In short, the climate crisis is also a crisis of neoliberal capitalism, and both of these are deepened by a knowledge crisis. Not enough research is funded, or is not of the right kind, or is not properly integrated across cultural, economic, and scientific fields, or is ignored by the public, or refused by governments, or denied by industry, or distorted by the media. Many of us have become fatalistic about these problems in a time when research needs to address them. The papers at this conference aimed to confront this fatalism and address these issues directly.
The digital condition appears in many forms: second-wave artificial intelligence, virtual assistants, online course instruction, algorithmic trading, bibliometric citation analysis, and economic modeling based on very large data sets, to name a few. It is the dominant framework for momentous transformations in knowledge production and in modes of reading and interpretation, which include a metamorphosis of the printed word into other media.

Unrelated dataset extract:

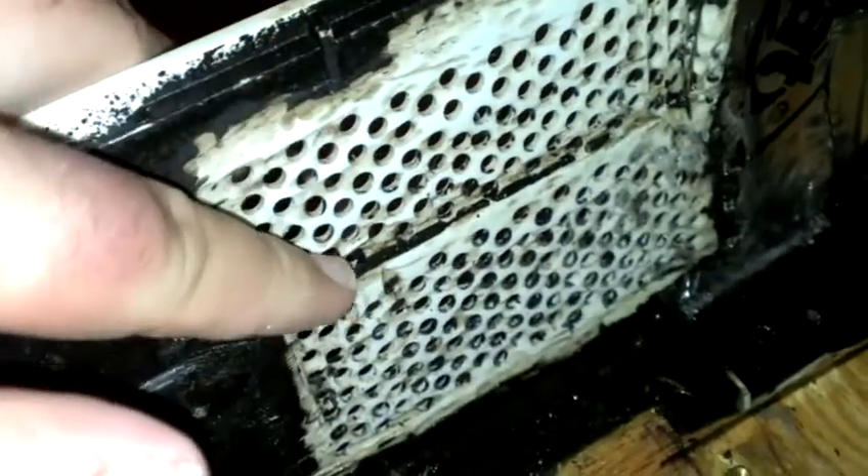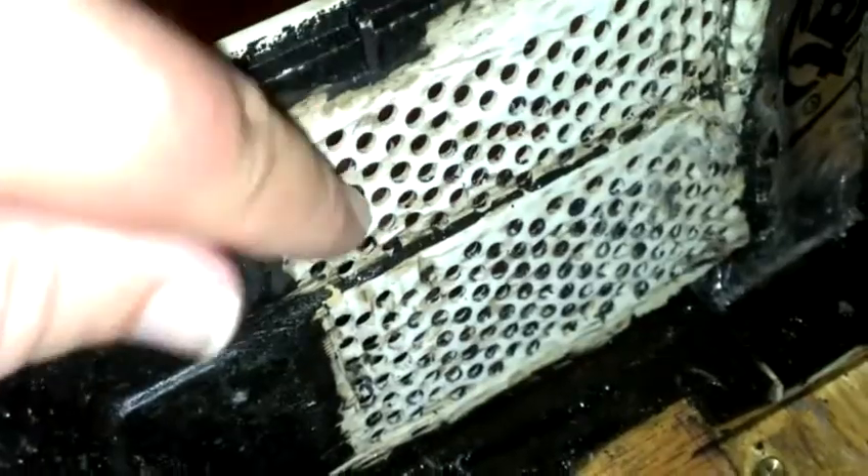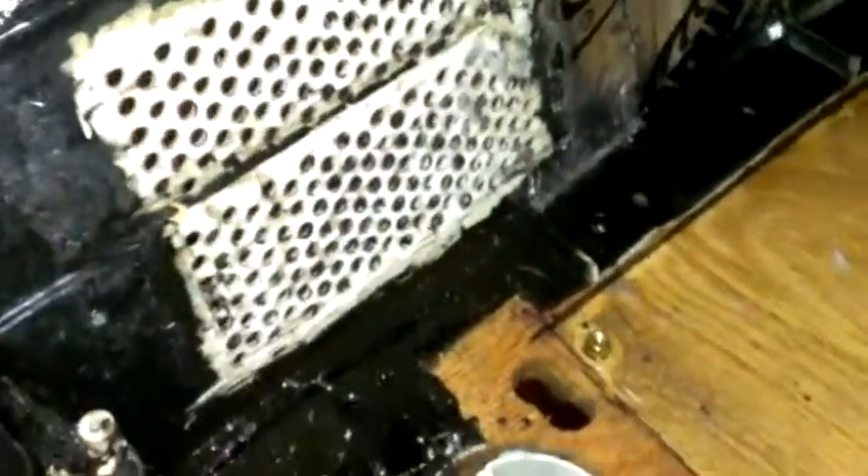Then I hit it with some 60-grit sandpaper, which got all of this clean on the outside to make sure that as I'm cleaning it, I'm not pulling more rubber through. As you can see, that's working pretty good — the top row of holes is nice and clean. So this is the method I found for cleaning the vents, if anybody else has to do it. Have a good day.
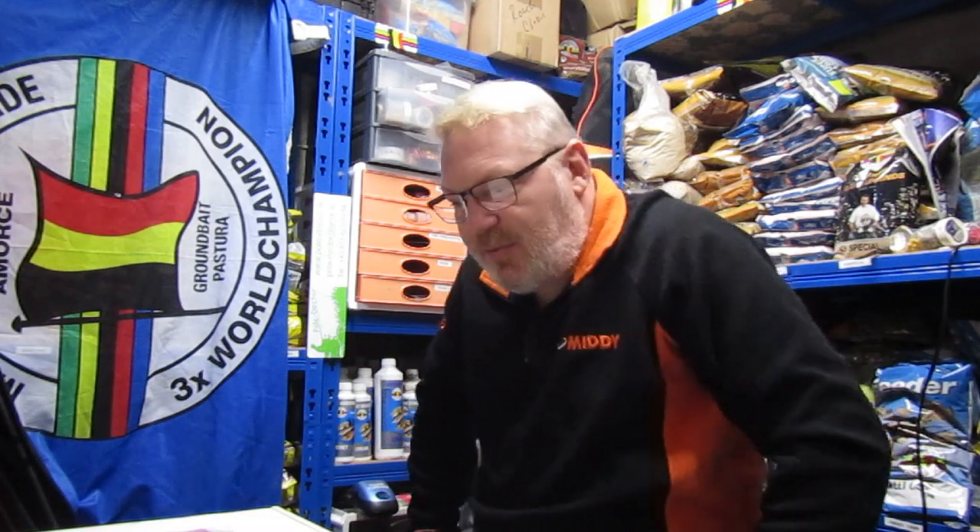Hello, happy new year! Now we're back in lockdown again, I thought I'd do a quick video from the shed. As you can see it's a bit cold in here, but no mind - crack on anyway. I've got asked about what elastics I use this time of year.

There are many reasons for a familiar sense that everything has changed irreversibly. One has been remarkable advances in computer programming, which long ago raised the prospect of artificial intelligence that could match or exceed human intelligence. Another has been the influential “two cultures” paradigm that cast literature and literary intelligence as something like the backward-looking opposite of technology. We are organizing this conference both to assess the history of responses to the digital condition in the humanities and social sciences, and also to identify new directions that might extend and deepen the contributions of these fields to the full range of knowledges required by the current state of the world.
Marking the intersection of many distinct trends, the digital condition has radically restructured methodologies in a host of disciplines. It is often experienced as a radical break with higher education traditions where the humanities play a central role in knowledge creation. Within the digital condition, the social sciences and the humanities are faced with two baseline challenges: to understand more clearly their own processes of knowledge production and, at the same time, to understand the underlying dynamics of the digital framework.

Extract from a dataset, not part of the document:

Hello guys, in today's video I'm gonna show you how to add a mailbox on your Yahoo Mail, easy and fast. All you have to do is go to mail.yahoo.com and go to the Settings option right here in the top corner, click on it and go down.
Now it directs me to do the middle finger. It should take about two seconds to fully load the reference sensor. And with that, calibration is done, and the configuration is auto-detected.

While the social sciences and the humanities have long histories of methodological self-reflection, they must now propose new concepts, devise new methodologies, and test new approaches that acknowledge the digital condition while affirming and extending their distinct ways of knowing the world. In other words, we cannot respond to the digital condition by adapting the humanities and social sciences to it. These fields create essential forms of knowledge not found in scientific and technological fields.

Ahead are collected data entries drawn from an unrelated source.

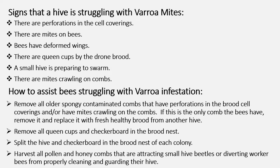The signs that your hive is struggling with varroa mites: perforations in the cell coverings, meaning mites have burrowed in before the brood was closed; mites on the bees; bees with deformed wings; queen cups near the drone brood; a small hive preparing to swarm; or mites crawling on your combs. To assist bees struggling with varroa: remove all older, spongy, contaminated combs with perforations in the brood cell coverings or mites crawling on them. If this is the only comb the bees have, replace it with fresh, healthy brood from another hive. Remove all queen cups, checkerboard in the brood nest, split the hive, and harvest all pollen and honey combs that are attracting small hive beetles or diverting worker bees from properly cleaning and guarding the hive.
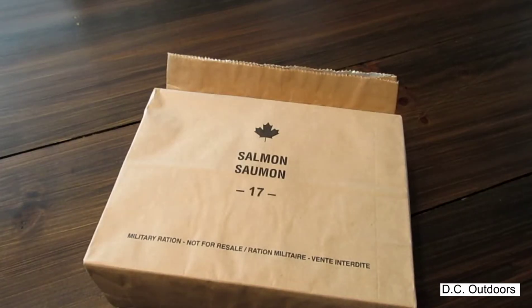Today we're going to be unboxing, cooking, eating, and reviewing this Canadian military ration from 2017. This one is salmon. My name is Dan and welcome to DC Outdoors.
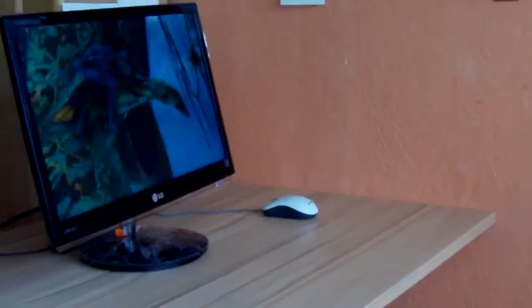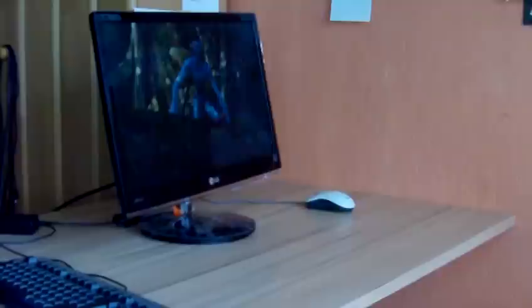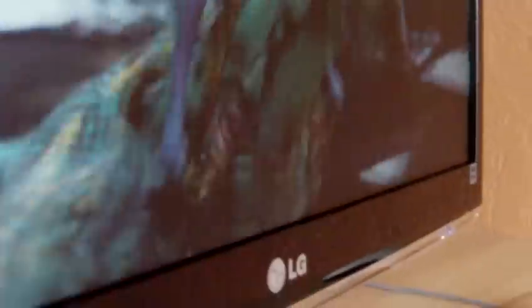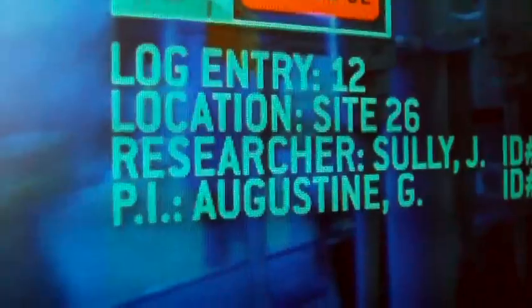Let's get started. Okay, this is video log 12 times 21, 32.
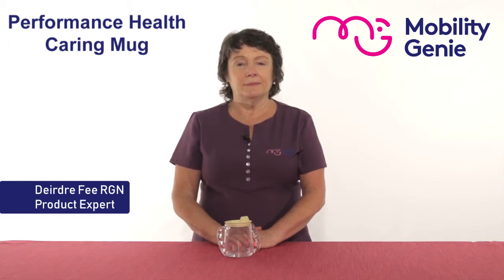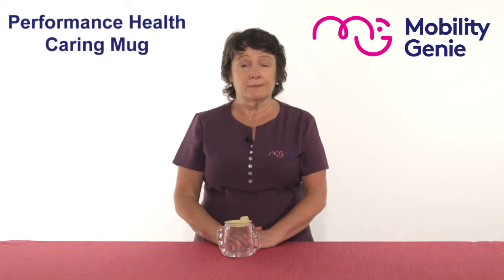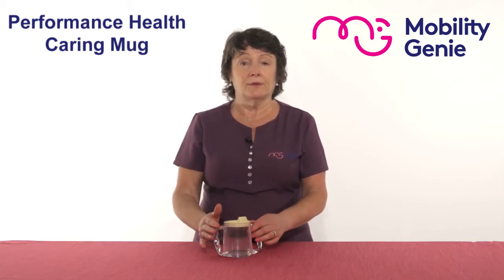Deirdre from Mobility Genie. At Mobility Genie we are constantly being asked for feeding cups. For one reason or another, a person who can't handle a normal cup or glass would need something that they will feel safe with.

Perhaps most importantly, major global issues are best addressed through partnerships among scientific, technical, humanistic, social, and professional modes of knowledge. Equitable relations among diverse disciplines are hard to find, in part for intellectual reasons and in part because of divergent material infrastructures and research practices. And yet, cross-disciplinary collaborations are increasingly common and often successful: the digital humanities is one such arena of collaboration, and there are others. Our conference aimed at strengthening both the independence of the humanities and the social sciences, and their material powers of collaboration across the disciplines.